The regression model performs prediction by combining all numeric value without scaling/standardisation. This model would be a baseline for next feature engineering model. Intercept:
411780.8240664884
Coefficient:
[-2.09665894e+02, -7.70098616e+01, 4.34117749e-01, 1.80732818e+04, 5.12955066e+03, 2.43820188e+02, 1.19090279e+02, 3.20337074e+01, 9.90873289e+00, 1.43098504e+00, -8.23605447e-01, 1.05161125e+01, 2.12458809e+01, 2.37681600e+01, 2.68109637e+01, 8.57148052e+03, 1.97965513e+03, -1.55984055e+03, -9.63530530e+03, 4.02416519e+03, 5.63014201e+03, 1.73565734e+02, 1.27677216e+04, -4.81269106e+00, 2.06707347e+01, -1.84572283e+00, -4.71000321e+01, -7.66864445e+02]
Training Score
R-Squared: 0.812
RMSE: 34475.861
When all features in the same scale, it's easier to interpret. From these coefficients we could take short conclusion that OverallQual have the most positive impact when MSSubClass have the most negative impact. They means higher OverallQuall will increase SalePrice, but higher MSSubClass will decrease SalePrice. Perhaps it doesn't make sense for higher class will get cheaper sales, or it should remind me that MSSubClass even in numeric, it is still categorical and should get another handling.
Intercept:
180921.19589041095
Coefficient:
[-8865.9491972 , -1695.76732218, 4331.56009023, 24986.72482286, 5706.20539294, 7361.55537745, 2457.82509304, 5787.51288932, 4581.05657485, 253.13770241, -302.52250405, 4551.05588833, 8210.58374253, 10371.92384808, 14083.80977611, 4446.30866026, 1090.24972779, -784.15232517, -7857.57817491, 6538.61069285, 3628.32009093, 4347.1917959 , 9538.24180844, -1028.62419943, 2589.95753742, -122.2483754 , -127.29726391, -1018.12007687]
Training Score
R-Squared: 0.812
RMSE: 34475.861
After we handle the outliers, higher training score was obtained.

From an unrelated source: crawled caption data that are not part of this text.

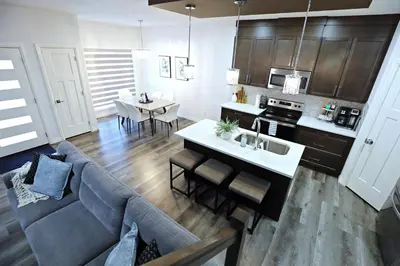 a living room and kitchen with a couch and a table at Three King Beds,Central A/C,Fireplace,Park,Disney+ in Edmonton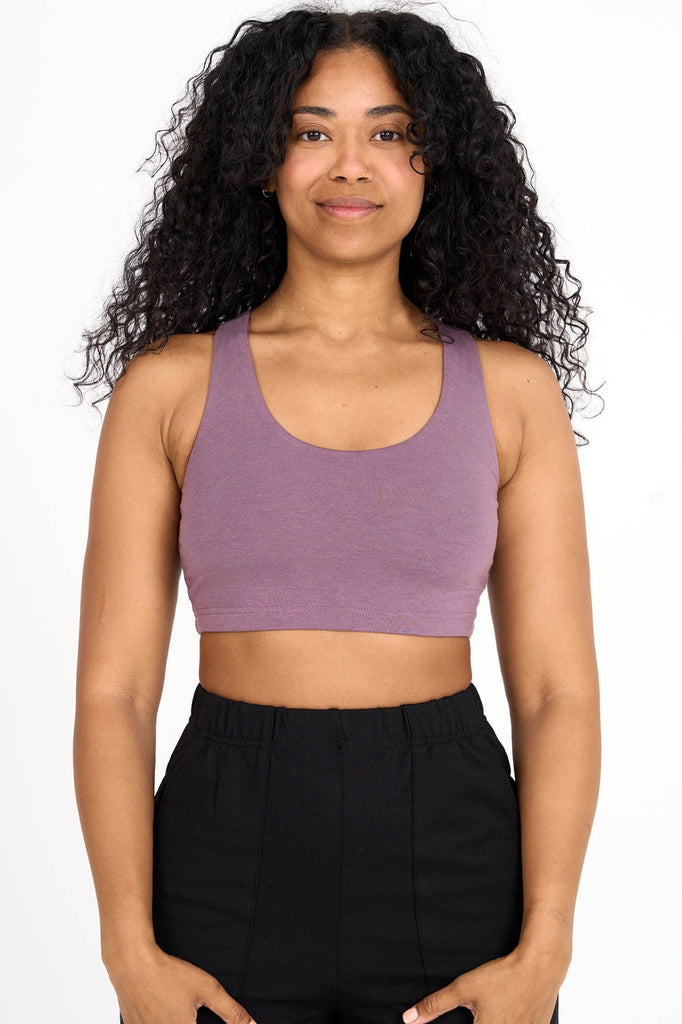 Woman wearing mauve Tencel blend sports bra, made by Canadian loungewear label Advika.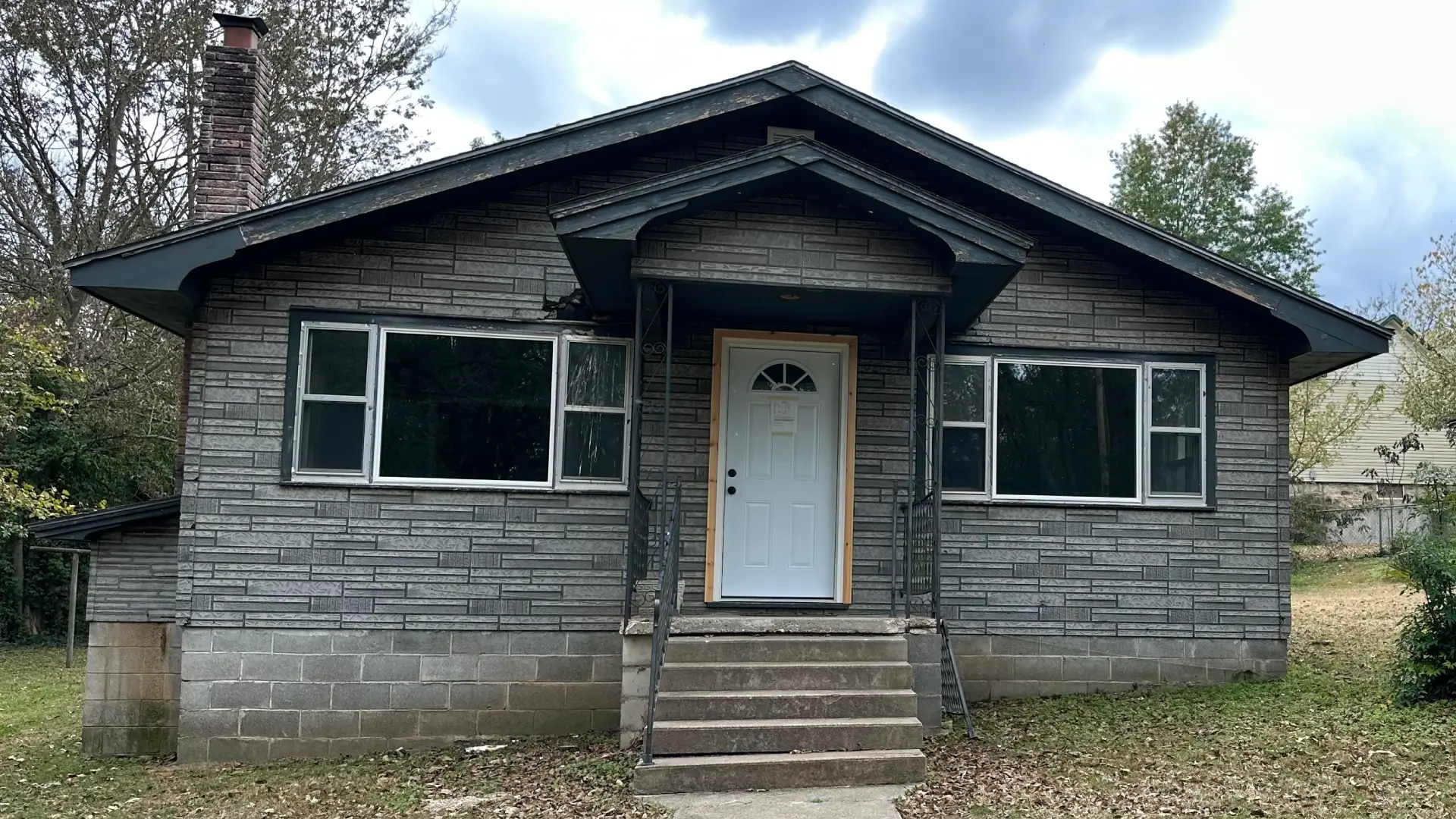 Exterior of a grey residential home with white-framed windows and a central front door.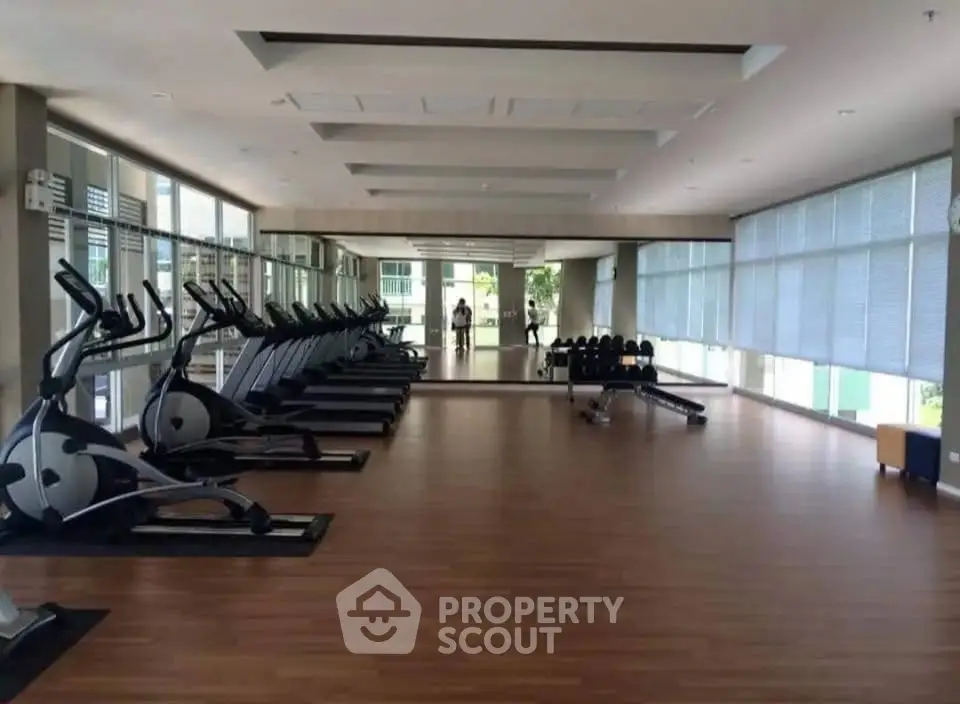 Spacious modern gym with state-of-the-art equipment and large mirrors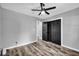 This bedroom features dark wood floors and a modern ceiling fan at 1660 Rose Garden Ln, Loganville, GA 30052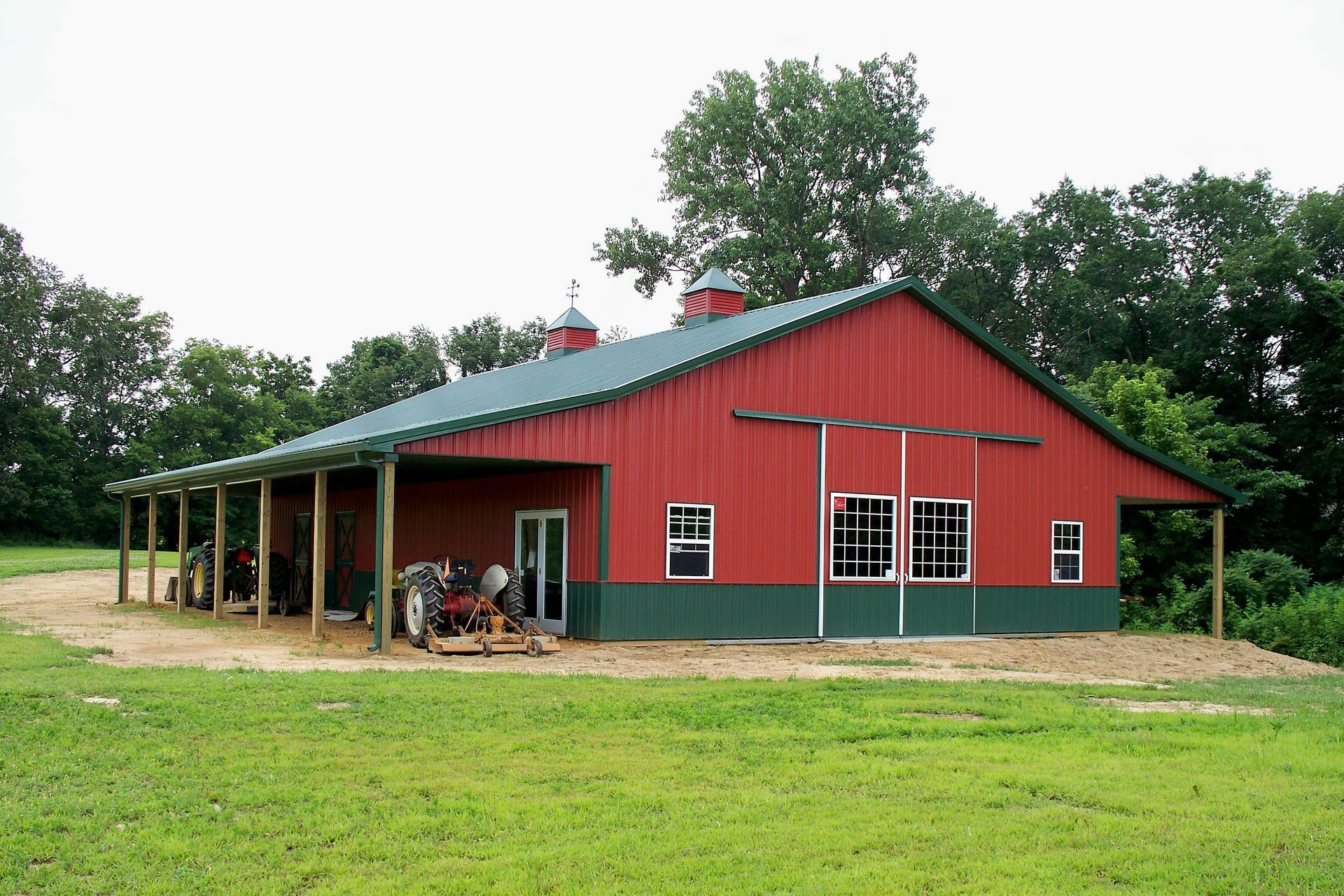 Red barn-style farmhouse with green roof and porch, set in a grassy rural yard.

It should be no high prediction and high error like two previous models. From these coefficients we got another interpretation that GrLivArea and OverallQuall gave the highest impact to increase SalePrice. But feature 1stFlrSF gave the highest impact to decrease SalePrice. It still didn't make sense, so we had to try another feature engineering and model.
Intercept:
177331.52636986302
Coefficient:
[-4.07203337e+03, 8.23429604e+02, 5.05064923e+03, 1.90011681e+04, 6.25755958e+03, 1.00238015e+04, 4.18254655e+03, 1.67846929e+03, 2.68923125e+03, -3.60387276e-11, -3.07680570e+03, 1.03189793e+04, -5.11900643e+03, -2.51051326e+03, 2.97461941e+04, 2.08124211e+03, -2.06774032e+02, -1.61478651e+03, -4.78380363e+03, -2.06226297e+02, 3.81012858e+03, 2.61730267e+03, 5.60258311e+03, 1.47873951e+03, 1.95300023e+03, 1.42020535e+03, 7.33315555e+02, -7.30005756e+02]
Training Score:
R-Squared: 0.880
RMSE: 23314.928
Observations and additional results obtained after training the models described in the previous section are shown below. Just did standardization in features could made a little improvement.

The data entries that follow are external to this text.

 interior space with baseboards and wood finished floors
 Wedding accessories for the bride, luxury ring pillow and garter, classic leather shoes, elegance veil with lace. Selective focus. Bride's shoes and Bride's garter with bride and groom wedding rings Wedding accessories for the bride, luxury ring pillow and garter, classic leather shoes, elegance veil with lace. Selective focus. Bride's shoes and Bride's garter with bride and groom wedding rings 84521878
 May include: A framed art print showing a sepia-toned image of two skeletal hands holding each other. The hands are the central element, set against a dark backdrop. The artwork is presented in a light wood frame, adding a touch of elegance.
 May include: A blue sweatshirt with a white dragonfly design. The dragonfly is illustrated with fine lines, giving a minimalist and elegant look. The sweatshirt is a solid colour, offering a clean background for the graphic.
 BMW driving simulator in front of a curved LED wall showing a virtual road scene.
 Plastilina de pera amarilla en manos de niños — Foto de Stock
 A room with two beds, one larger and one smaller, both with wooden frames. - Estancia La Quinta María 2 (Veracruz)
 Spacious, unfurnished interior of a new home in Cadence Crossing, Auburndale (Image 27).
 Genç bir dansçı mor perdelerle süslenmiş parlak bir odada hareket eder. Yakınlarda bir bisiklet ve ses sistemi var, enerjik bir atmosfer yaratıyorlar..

Model | Training: R^2 | Testing: R^2 | Training: RMSE | Testing: RMSE | Kaggle Score |
---|---|---|---|---|---|
Numeric only | 0.812 | 0.845 | 34475.861 | 31671.964 | 0.452 |
StandardScaler | 0.812 | 0.846 | 34475.861 | 31556.481 | 0.254 |
Outlier handling | 0.880 | 0.840 | 23314.928 | 32156.249 | 0.215 |
One Hot, Corr > .5 | 0.787 | 0.828 | 36671.335 | 33418.579 | - |
One Hot, Corr > .3 | 0.844 | 0.872 | 31352.439 | 28779.365 | - |
One Hot, Corr > .1 | 0.853 | 0.883 | 30412.357 | 27522.537 | 0.168 |
Standardization could make good interpretation and good improvement. For the next submission, we should use all data.